Ok but it is the ad bit that i think we are stuck on. Let’s hope @WardBrian can offer some steer.

In BridgeStan we just declare a ChainableStack as static thread_local, in the function we call gradient inside of, see:

To be completely honest this particular thing is closer to “magic incantation” than “code I fully understand” for me

2 Likes

No black magic here :). What you do there is to make sure that there is an AD tape resource around in a given thread. If you were to use Intel TBB worker threads, then you would not need to do this.

… however… getting everything right with proper initialization exactly once per thread in a performant way… THAT was indeed a bizarre journey we had to take to find the right way to do this reliable, fast and cross-platform stable. Given the years this is now doing it’s job it was well worth the effort.

3 Likes

Yes, the particularly “magic” thing (to me anyway) is that we can create those multiple threads in another language (e.g. Julia) and this still works. That is also why we couldn’t use TBB, since we’re not making the threads necessarily

2 Likes

Dear all,

Thank you very much for all of your replies! I read Juho’s blog posts twice. They still do not touch upon the main loop over the samples. But the posts were very helpful! I found this loop in [stan/hmc_nuts_diag_e_adapt.hpp at develop · stan-dev/stan · GitHub]. Please see lines no. 263–277. It is already parallelised for shared memory using Intel’s TBB.

My questions now would be:

  1. Did you stress test it?
  2. How well does it work in forward mode and in reverse mode? (I still need to check TBB exists in the forward mode branch) → Yes, it is there. The loop is parallelised with TBB in forward mode branch.
  3. Did you have a chance to compare it with OpenMP?
  4. Why would you implement both TBB and OpenMP in Stan or OpenMP implementation is only BrigeStan specific?

If you have any performance results for shared memory, would you please share them with me? Thank you for your help and have a great day ahead!


Best wishes,
Maxim

Would you please elaborate on this? Why is there a difference between TBB and OpenMP? Thank you!

For tbb threads we register an observer thinggy which gets called whenever a tbb thread is created or destroyed, see

This observer ensures that every tbb worker thread has a ready to use ad tape. For openmp this sort of resource management does not happen (but maybe one can configure it?).

…and yeah, threads are an os thing which you can control from different languages.

1 Like

I don’t know openmp well enough but I think you can register a callback on the start of a thread via the initial-task-begin event hook?

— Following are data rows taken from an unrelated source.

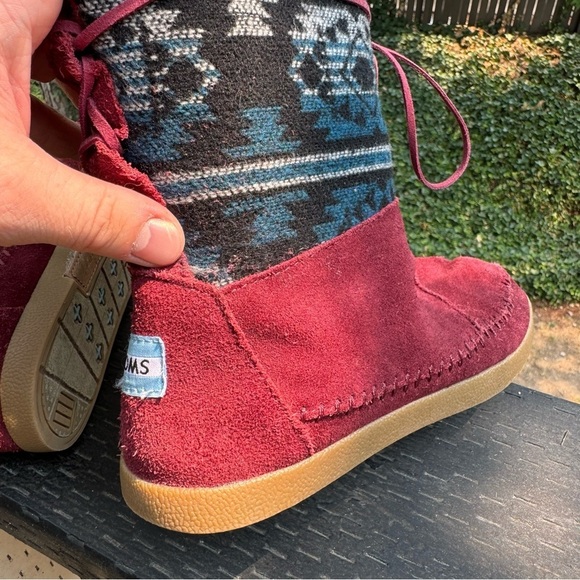 Toms Women’s Red Suede Aztec Print Faux Fur Wrap Laces‎ Moccasin Boots Size 6.5 - Picture 8 of 9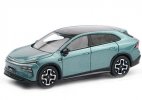 Green / Silver / Gray 1:64 Scale Diecast 2025 Xpeng G7 Model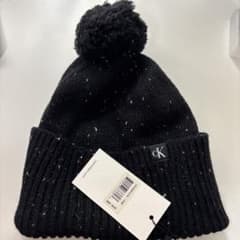 Calvin Klein Jeans ニット帽 ポンポン付 ブラック
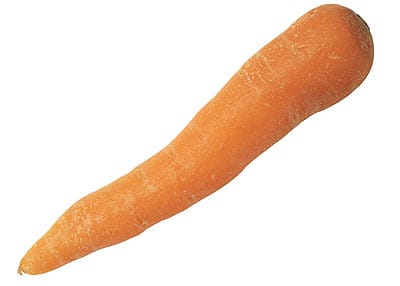 Karotten liefern reichlich Beta-Carotin. Das Provitamin wird im Körper in Vitamin A umgewandelt.
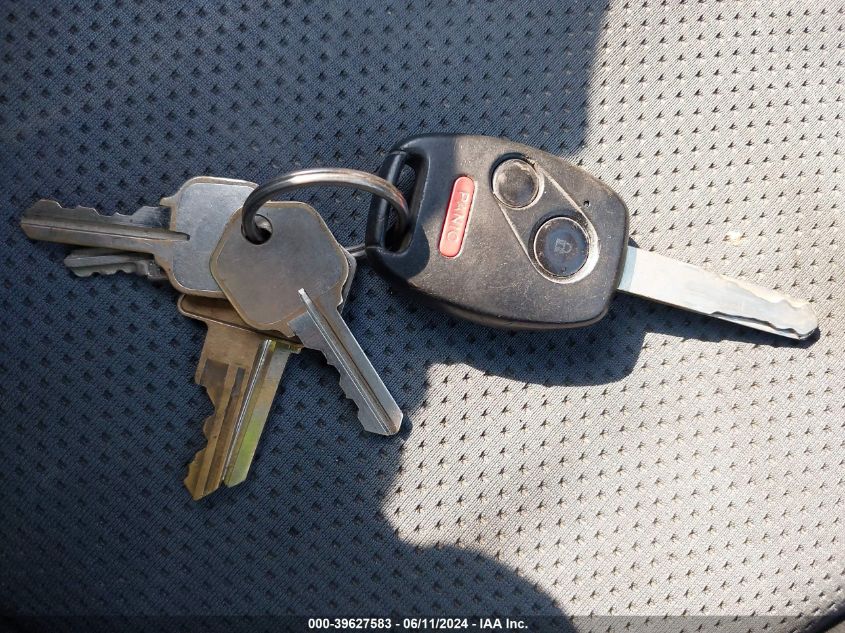 2008 Honda Fit Sport VIN: JHMGD38658S052302 Lot: 39627583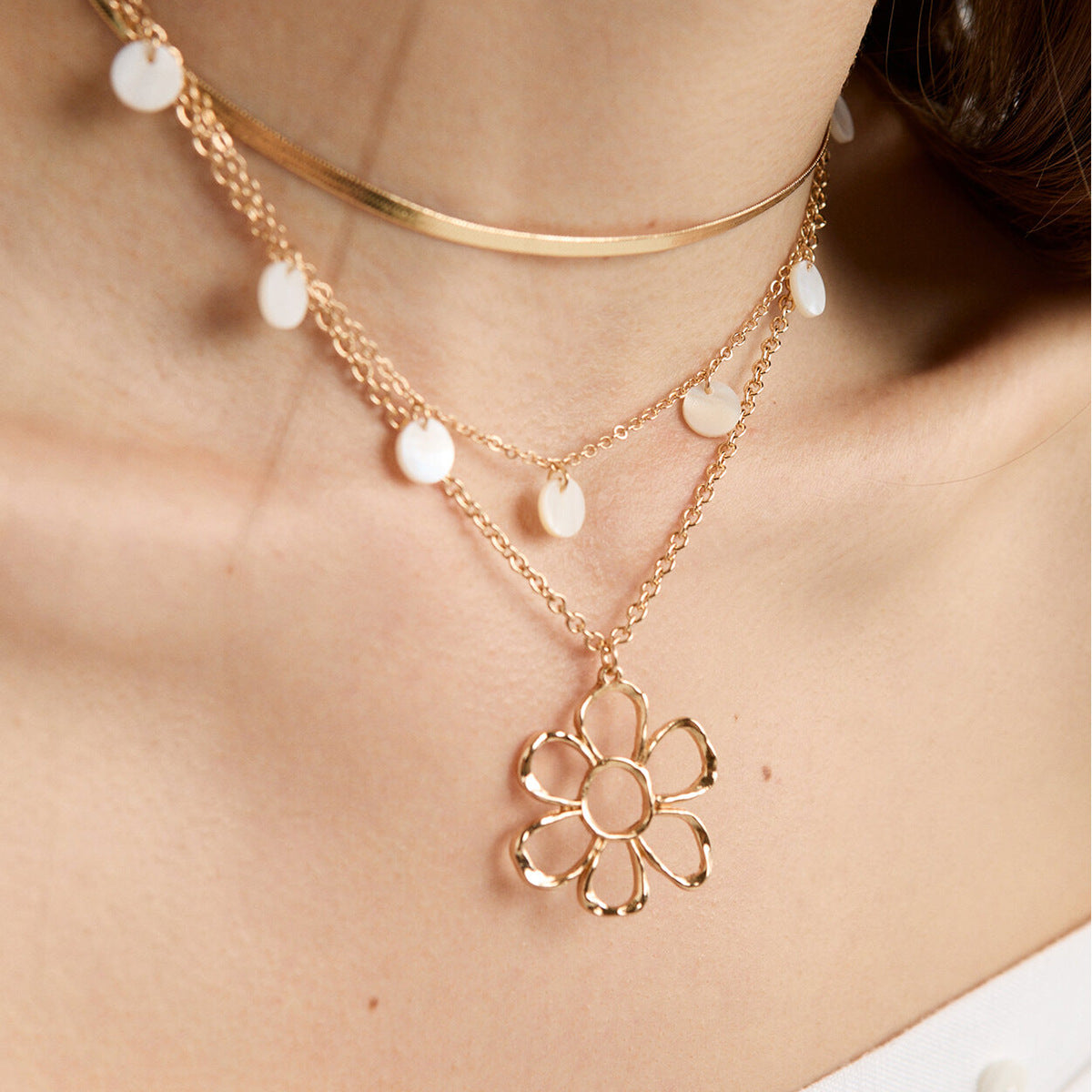 Elegant 18K Gold Plated Floral Stainless Steel Necklace with Titanium Steel Pendant for Women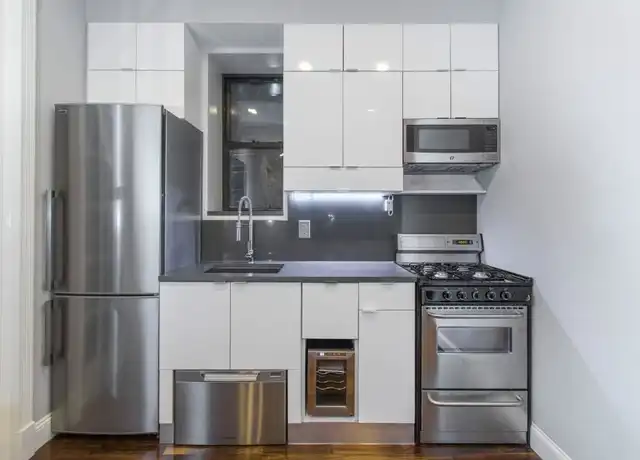 Property at 436 W 52nd St Unit 6C, New York, NY, 10019, 2 beds, 1 bath, [object Object]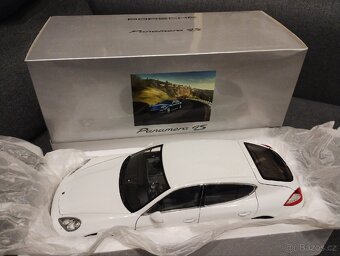 Porsche Panamera 4S 1/18 - 7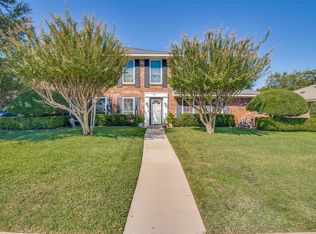 321 Kingsbridge Dr, Garland, TX 75040
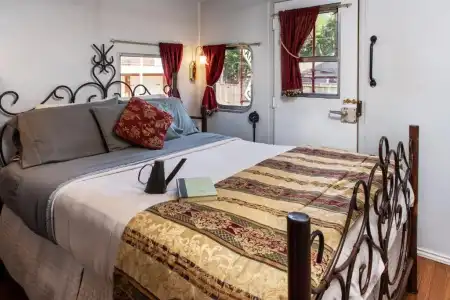 Woodrow House Bed & Breakfast - 26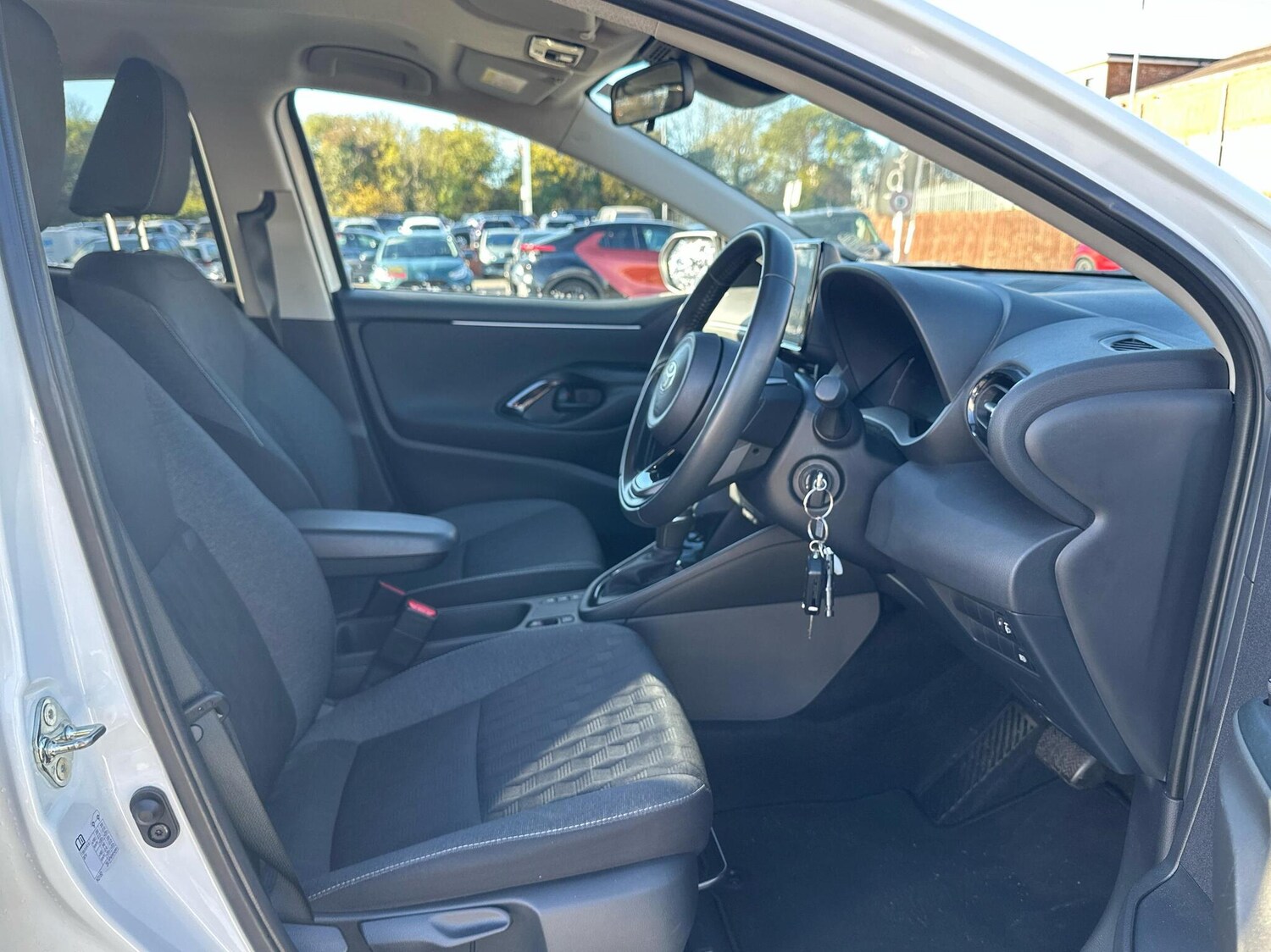 Used Toyota Yaris 2024 for sale - 76419876: Photo 11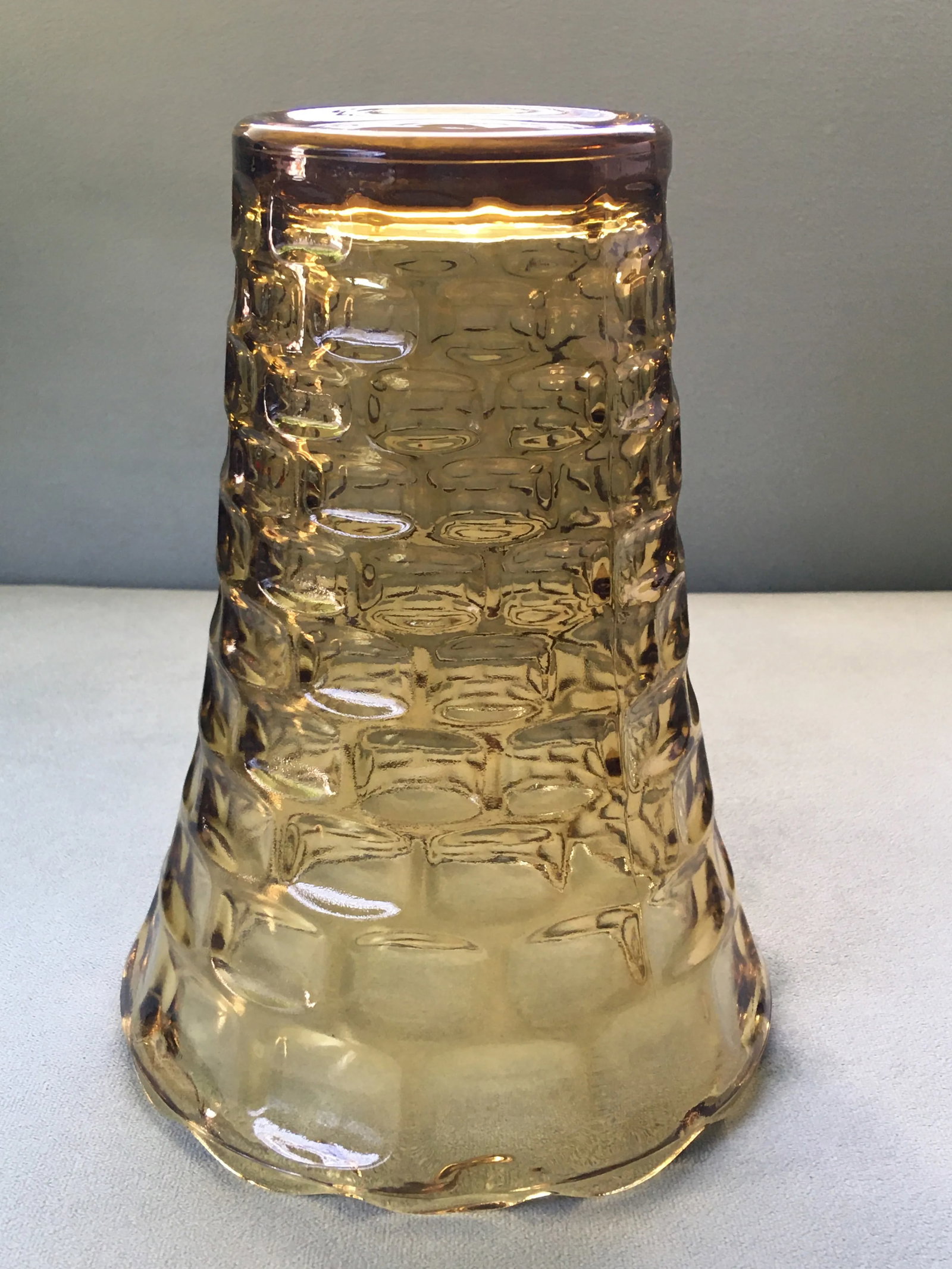 1960's Federal Glass Yorktown Gold Table Vase - 6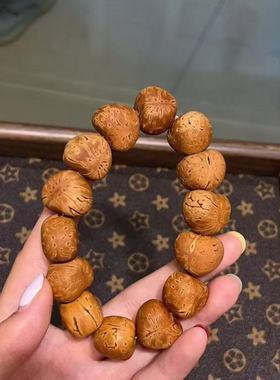 精工脑纹核桃雕刻爱心手串男女款文玩手持盘玩念珠佛珠手链配饰品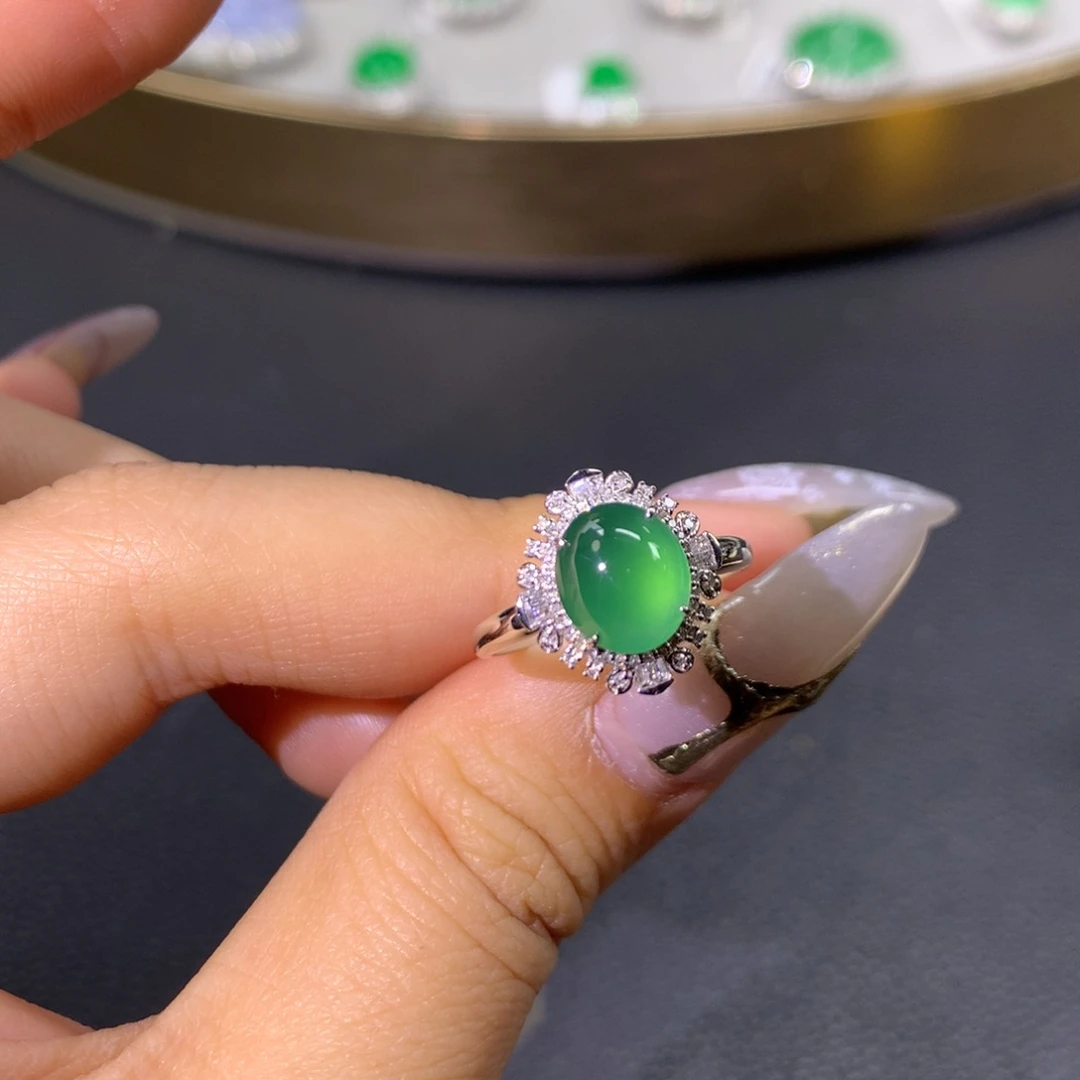 翡翠戒指18K金镶嵌翡翠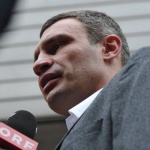 Синът на Кличко мие чинии в ресторант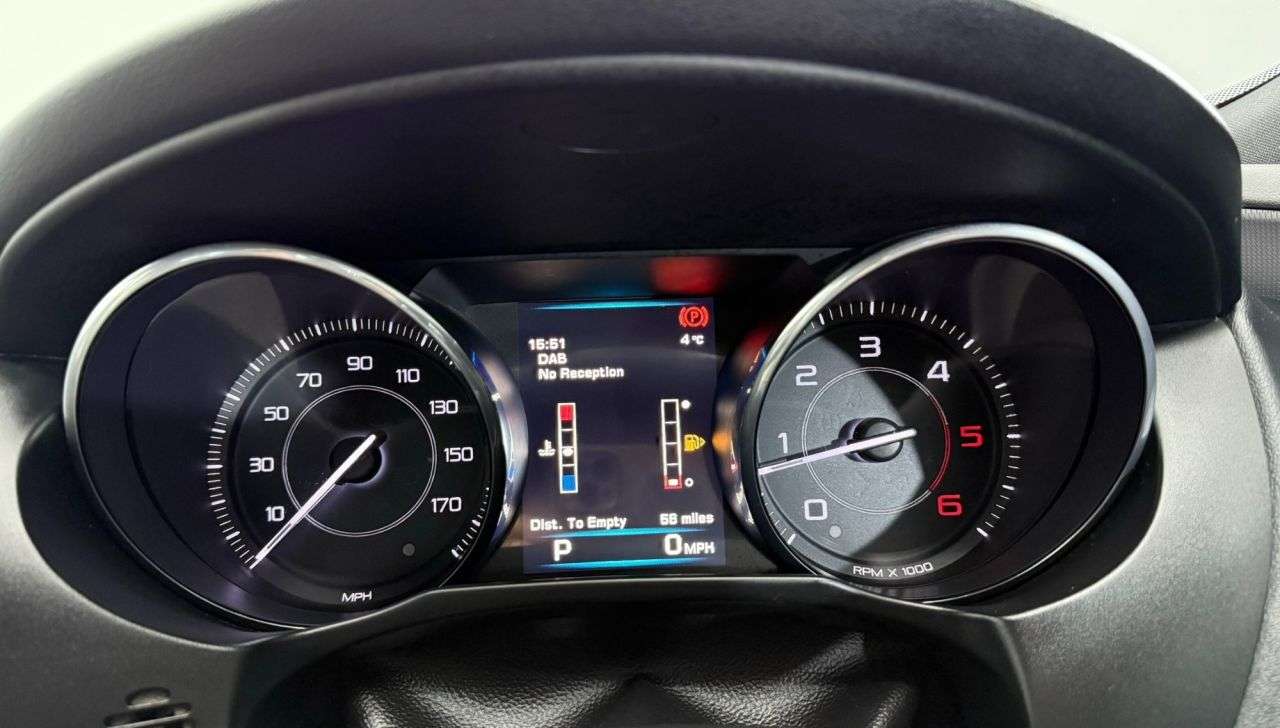 2015 JAGUAR XE 2015 JAGUAR XE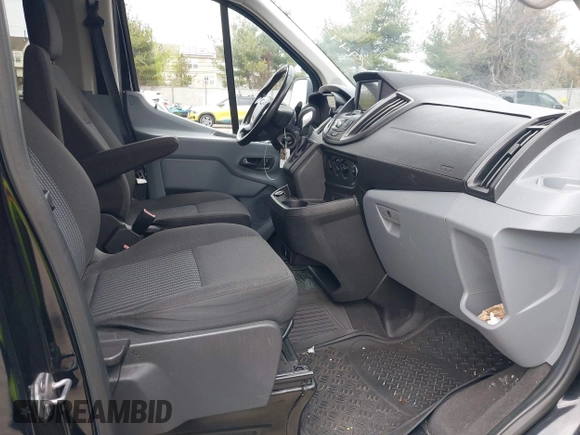 2018 Ford Transit Passenger XL с VIN 1FBZX2YM8JKB02131, выставлен на аукционе IAAI как лот 41794951 с пробегом 70 267 миль миль и . История ставок и продаж доступна на DreamBid. Изображение 5.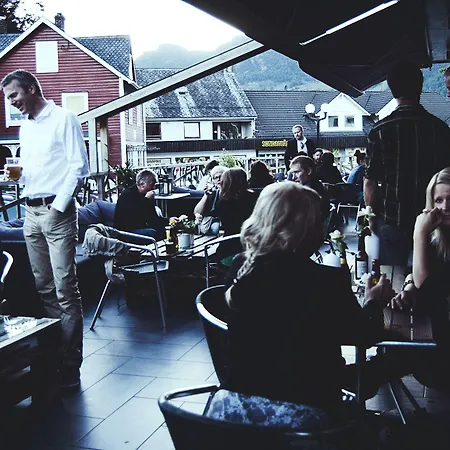 Hotel Fugl Fonix Etnesjoen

https://www.openmp.org/spec-html/5.0/openmpsu50.html

This looks very promising as this is the same callback logic as we use for the TBB. It would probably be a nice addition to Stan-math which would make Stan OpenMP compatible. That said, there are a few more issues beyond initialisation, which is nesting and cleanup of things. Threads must take part in the same function evaluation and only nested ones derived from it can work on a set of threads (see isolation: Work Isolation — oneTBB documentation ). And once a function being autodiffed is completed and you have collected results, then you need to clean up memory.

Dear all,

Thank you for all of your replies and explanations. I see now that the ‘ad_tape_observer’ object is an important concept. I understand how it tracks the new threads via their ids. But I don’t see in the above source code the AD tape instance associated with each thread. What variable is it stored in?

My first naive implementation for OpenMP parallelism would be simply ensuring that each new thread has this AD tape instance. This can be achieved with

#pragma omp parallel private(ad_tape_instance) {

    // instantiate AD tape
    init_ad_tape(...);
    ...
}

In other words, making this object private to a thread will ensure each thread has its own AD tape. Once this simple concept works, I can think of more elaborate strategies to keep all the tapes in check. Thank you and have a good day ahead!